- SUPPLIED RECORDS -
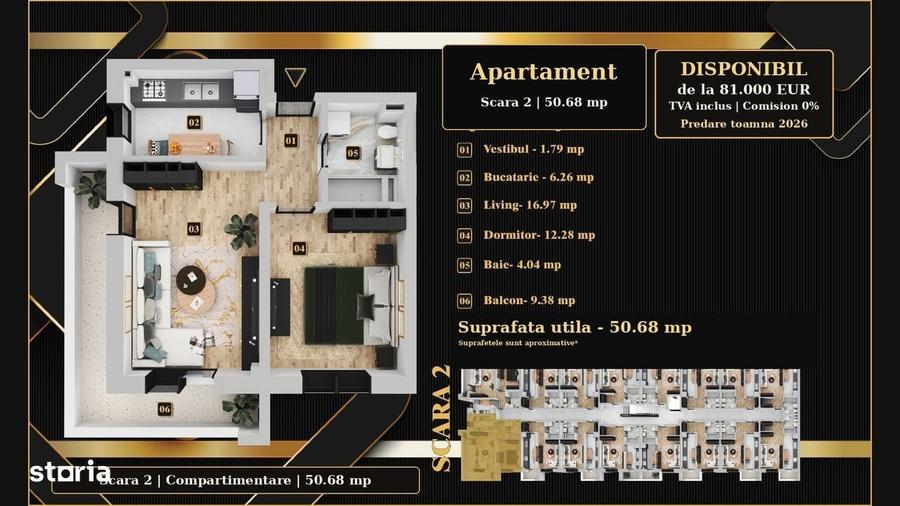 Vezi acum: Zona linistita, Apartament 50,68mp, 81.000 - 4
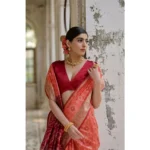 Women's Silk_Blend Ethnic Ikat Pattern Saree With Unstitched Blouse 5.5Mtr (Orange) - Image 2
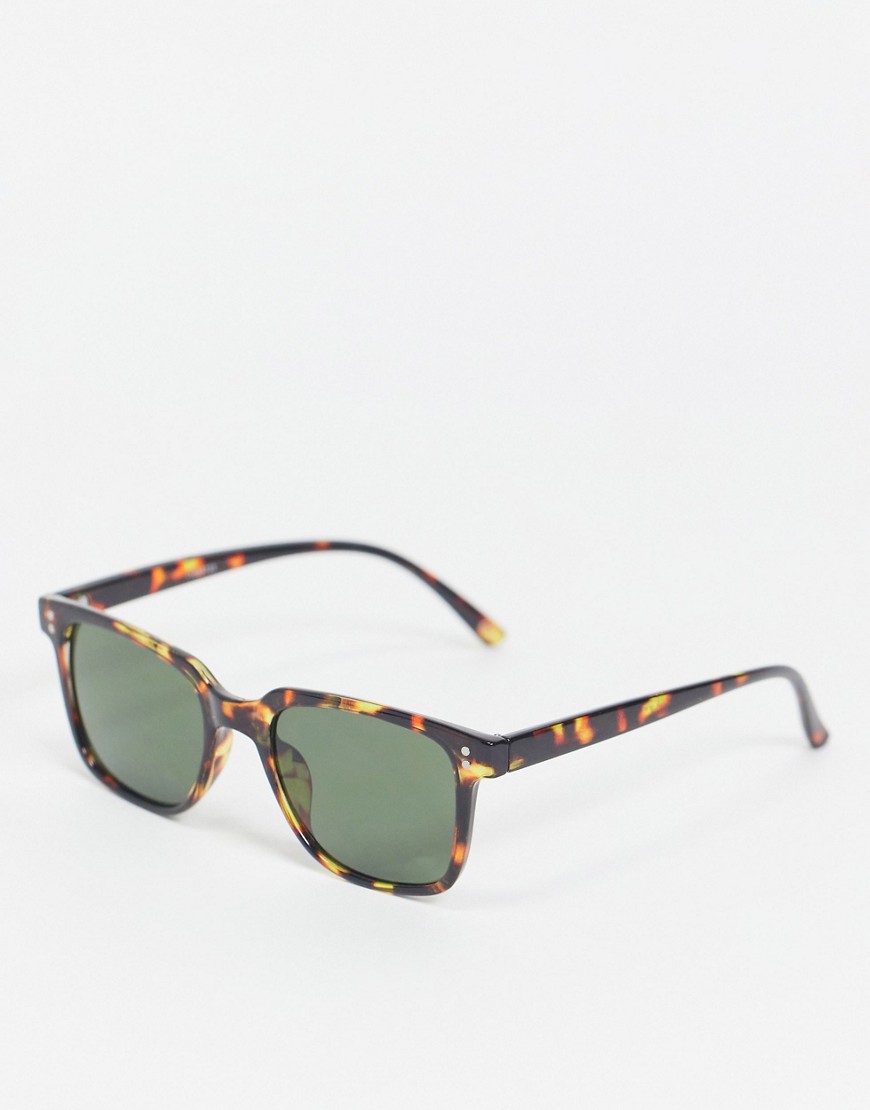 фото Квадратные солнцезащитные очки в черепаховой оправе с зелеными стеклами asos design-коричневый цвет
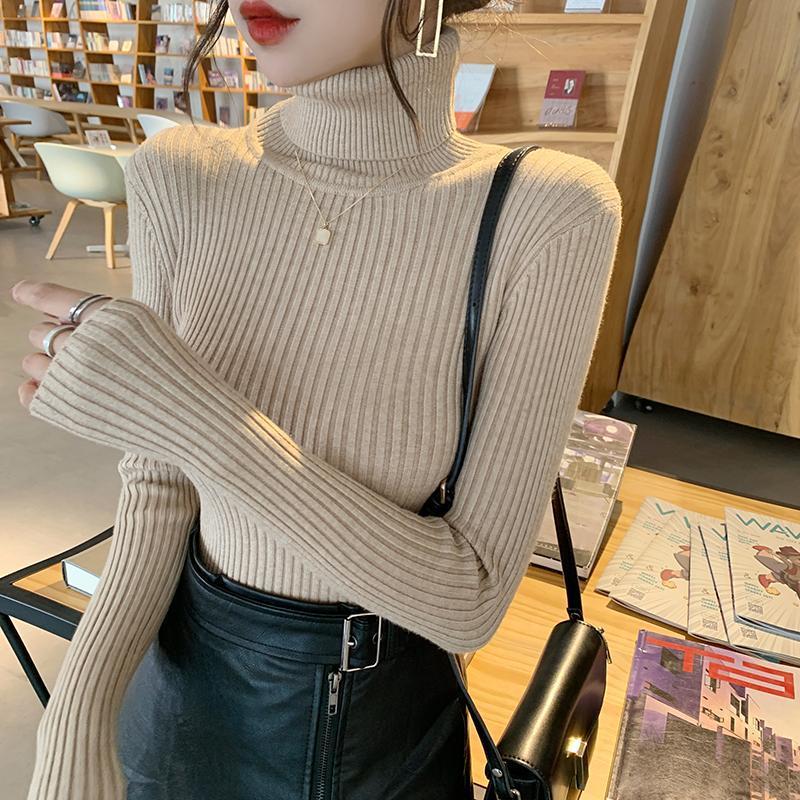 Womens Thick Solid-Colored Slim-Fit Warm Turtleneck Base Sweater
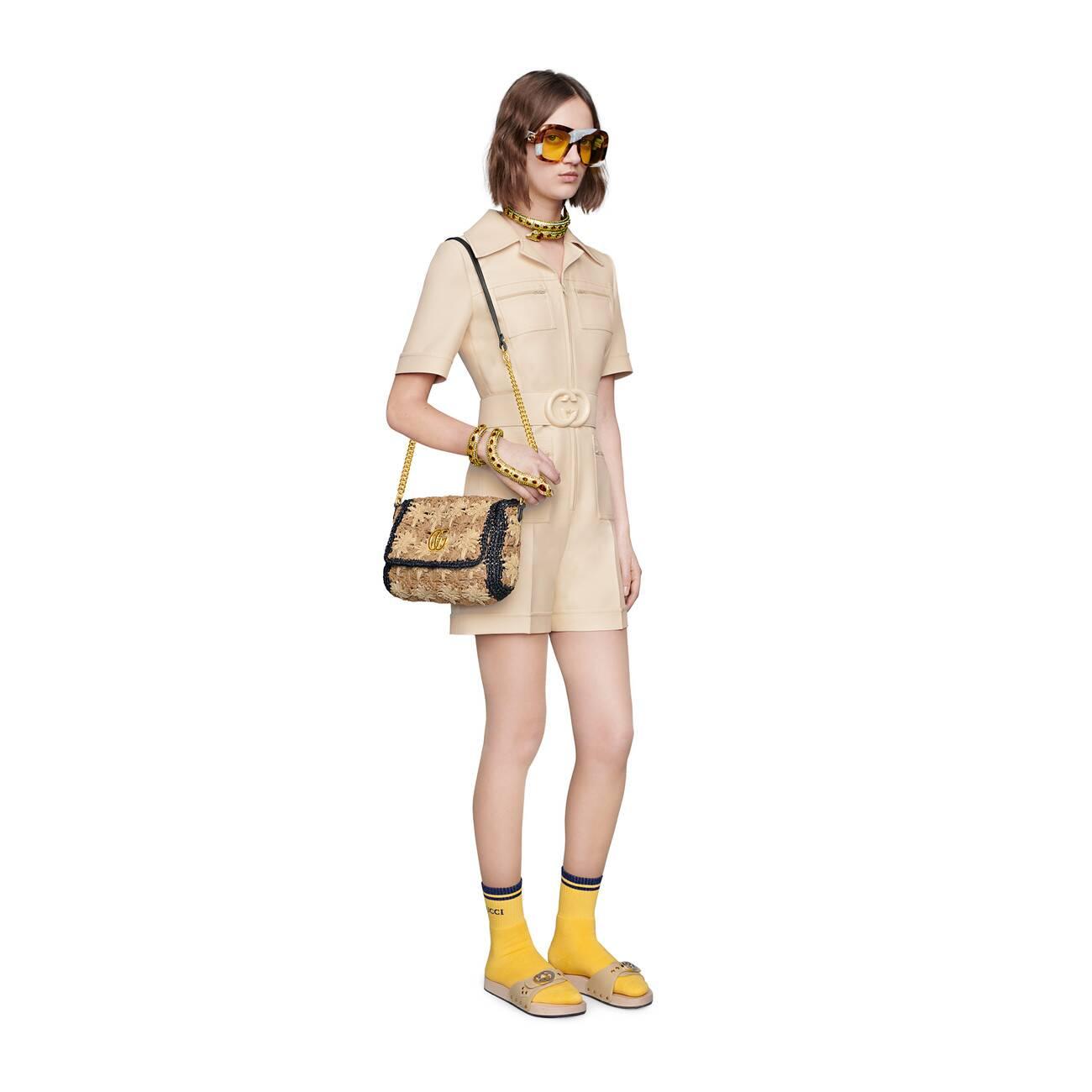 gg marmont raffia small shoulder bag
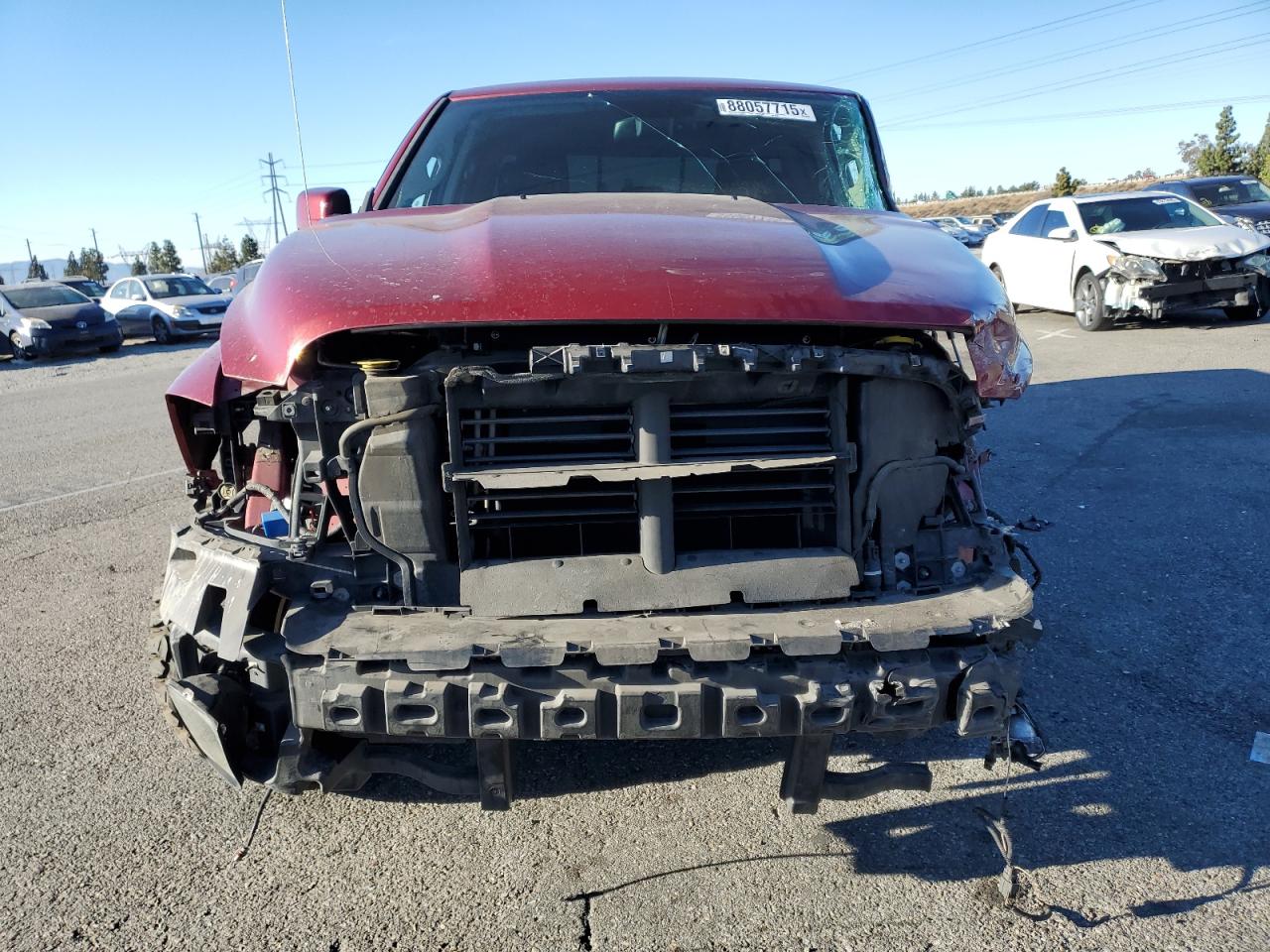 2014 RAM 1500 VIN 1C6RR6HT6ES114599 Copart auction photo, side / front end damage thumbnail 5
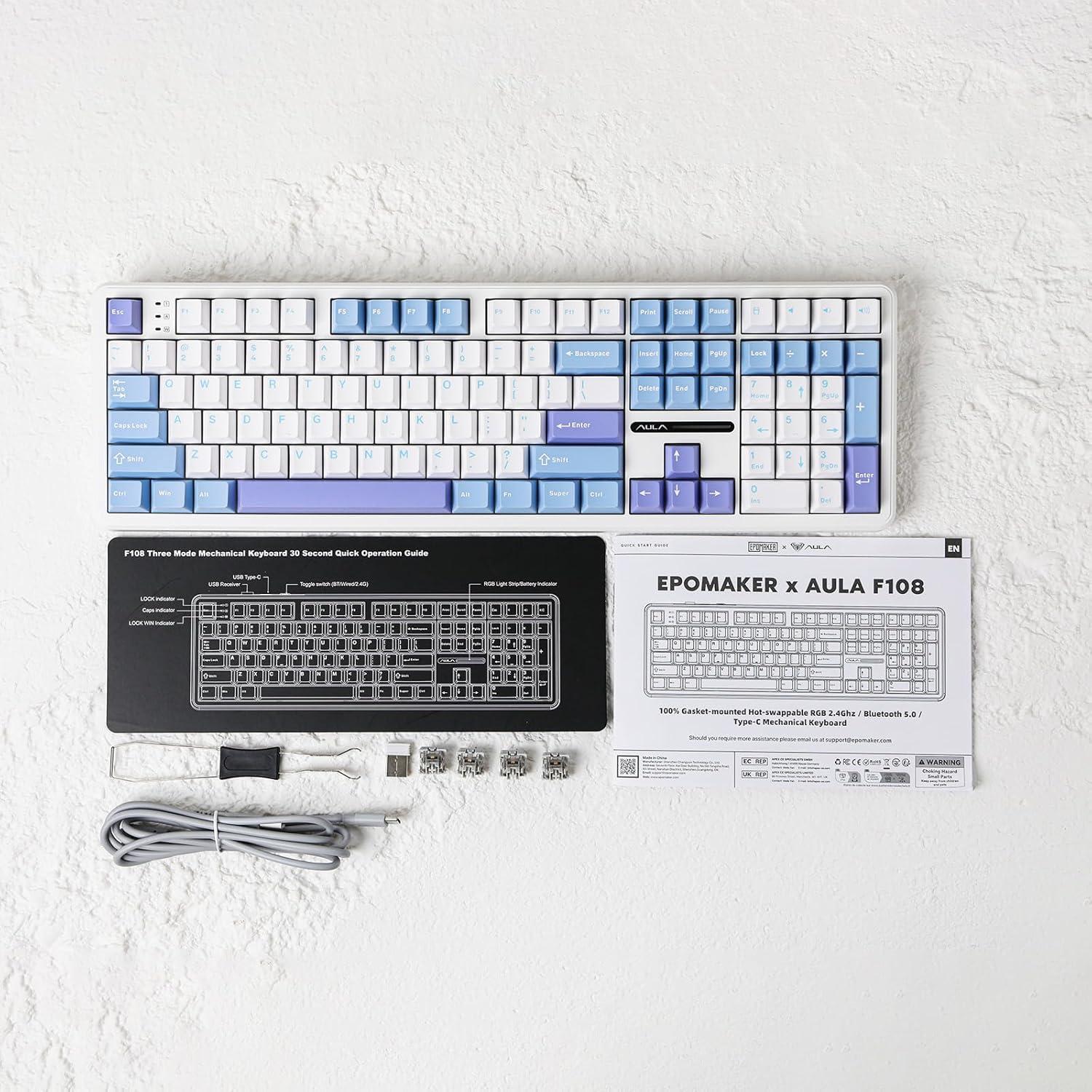 Teclado Mecánico Inalámbrico EPOMAKER F108 RGB 108 Teclas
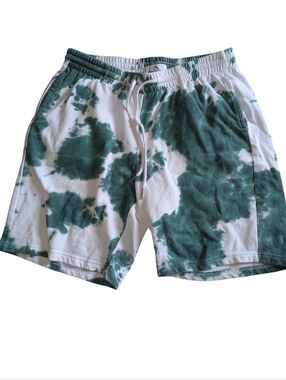 Jordache Green and White Tie-Dye Men's Shorts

- ABOUT THIS TASK -
Restate word for word each line from the one containing "Teclado Mecánico Inalámbrico" through the end of the material, pictures excluded.

- RESPONSE TO THE EXERCISE -
 Teclado Mecánico Inalámbrico EPOMAKER F108 RGB 108 Teclas
 Jordache Green and White Tie-Dye Men's Shorts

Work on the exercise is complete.